WORK ORDER: Search the records for the string "rent", then copy each line that has it.

DATA RECORDS:
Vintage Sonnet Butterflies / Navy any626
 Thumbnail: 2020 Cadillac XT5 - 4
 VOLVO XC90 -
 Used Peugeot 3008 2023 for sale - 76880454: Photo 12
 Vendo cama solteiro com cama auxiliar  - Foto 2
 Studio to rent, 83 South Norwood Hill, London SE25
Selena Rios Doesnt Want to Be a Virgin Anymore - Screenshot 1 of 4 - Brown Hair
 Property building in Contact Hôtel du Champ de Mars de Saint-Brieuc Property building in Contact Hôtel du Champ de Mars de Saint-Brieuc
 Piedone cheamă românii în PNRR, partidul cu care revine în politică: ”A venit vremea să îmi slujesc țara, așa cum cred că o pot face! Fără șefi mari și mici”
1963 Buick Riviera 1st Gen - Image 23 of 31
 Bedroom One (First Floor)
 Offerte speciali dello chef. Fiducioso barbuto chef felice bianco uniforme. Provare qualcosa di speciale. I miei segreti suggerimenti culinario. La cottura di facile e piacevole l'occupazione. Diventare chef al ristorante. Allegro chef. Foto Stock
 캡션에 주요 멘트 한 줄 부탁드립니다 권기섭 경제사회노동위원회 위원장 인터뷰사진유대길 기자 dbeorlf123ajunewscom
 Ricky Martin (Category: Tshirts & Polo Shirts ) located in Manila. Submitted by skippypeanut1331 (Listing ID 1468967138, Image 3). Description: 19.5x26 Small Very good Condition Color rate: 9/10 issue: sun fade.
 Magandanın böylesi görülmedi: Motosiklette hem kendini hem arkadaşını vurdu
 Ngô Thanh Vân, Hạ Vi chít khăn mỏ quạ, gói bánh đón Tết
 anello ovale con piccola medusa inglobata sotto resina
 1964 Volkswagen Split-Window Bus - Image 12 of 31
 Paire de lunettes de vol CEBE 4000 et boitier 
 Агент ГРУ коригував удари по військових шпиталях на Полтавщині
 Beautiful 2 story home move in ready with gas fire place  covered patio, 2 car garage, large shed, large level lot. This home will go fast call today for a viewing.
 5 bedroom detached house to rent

EXERCISE OUTPUT:
 Studio to rent, 83 South Norwood Hill, London SE25
 5 bedroom detached house to rent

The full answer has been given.